I’ll see you in court…or will I? Impact of arbitration provisions in contracts.
Sometimes tucked away at the end of a commercial contract is a boilerplate provision regarding arbitration. In Indiana, a written agreement to arbitrate is generally enforceable. In fact, Indiana has a strong public policy favoring arbitration. Therefore, assuming the parties’ current dispute falls within the scope of the arbitration agreement, it is likely the parties will need to resolve their dispute in accordance with the terms of the arbitration provision and not necessarily in court.
However, there are some reasons why a court may nevertheless refuse to enforce an arbitration provision, such as, the provision was procured by reasons such as fraud, duress, lack of capacity, or unconscionability. In those instances, a court may find that the arbitration provision to be invalid. Likewise, a party may waive its right to arbitrate notwithstanding an arbitration provision, and despite the fact that the dispute would have been otherwise covered. Generally, a court will look at several factors in determining whether a party has acted in such a way that they have waived their right to insist upon arbitration.

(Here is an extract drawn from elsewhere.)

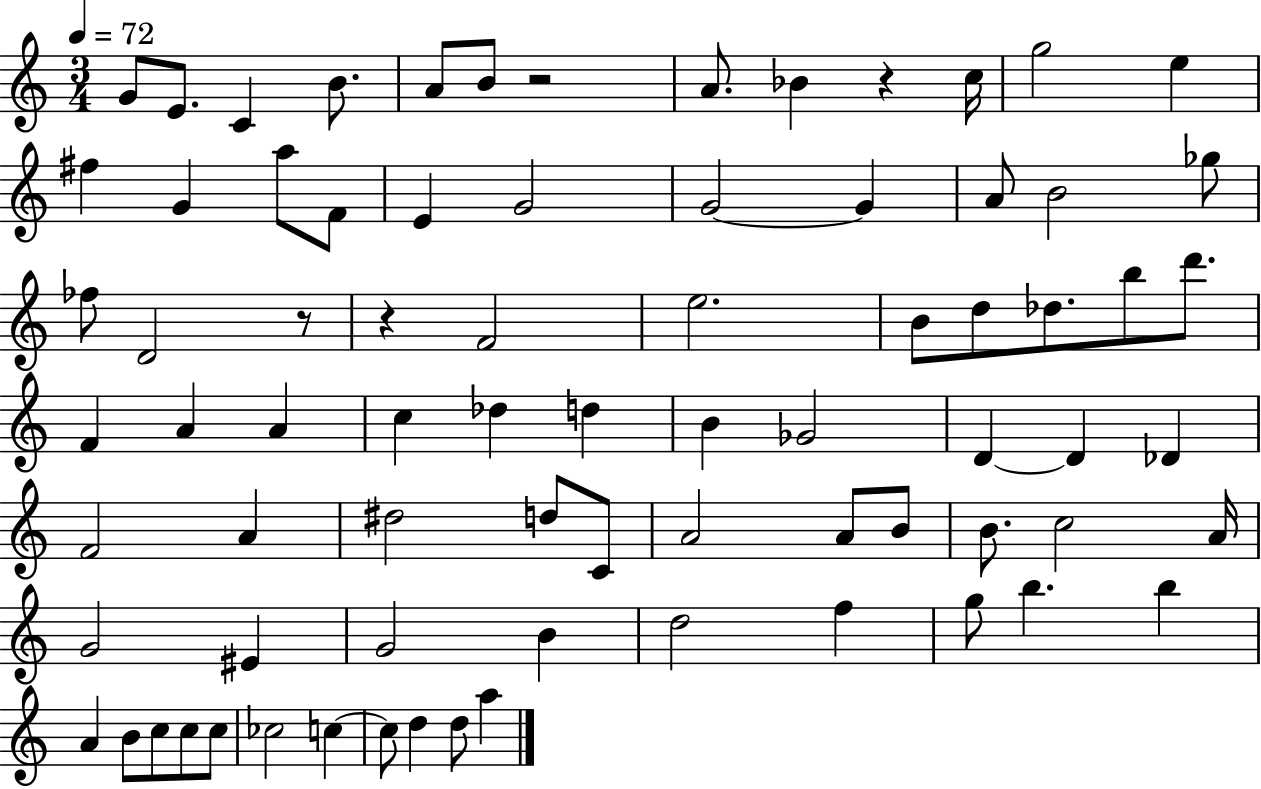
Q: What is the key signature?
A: C major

In conclusion, while arbitration provisions can be beneficial in certain circumstances, there are some instances where an arbitration provision might not make sense. Therefore, it is always important to read the boilerplate provisions in any contract and understand exactly what such provisions mean. It is also important to understand the scope of any arbitration provision and to not take any actions inconsistent with such provision if wishing to arbitrate.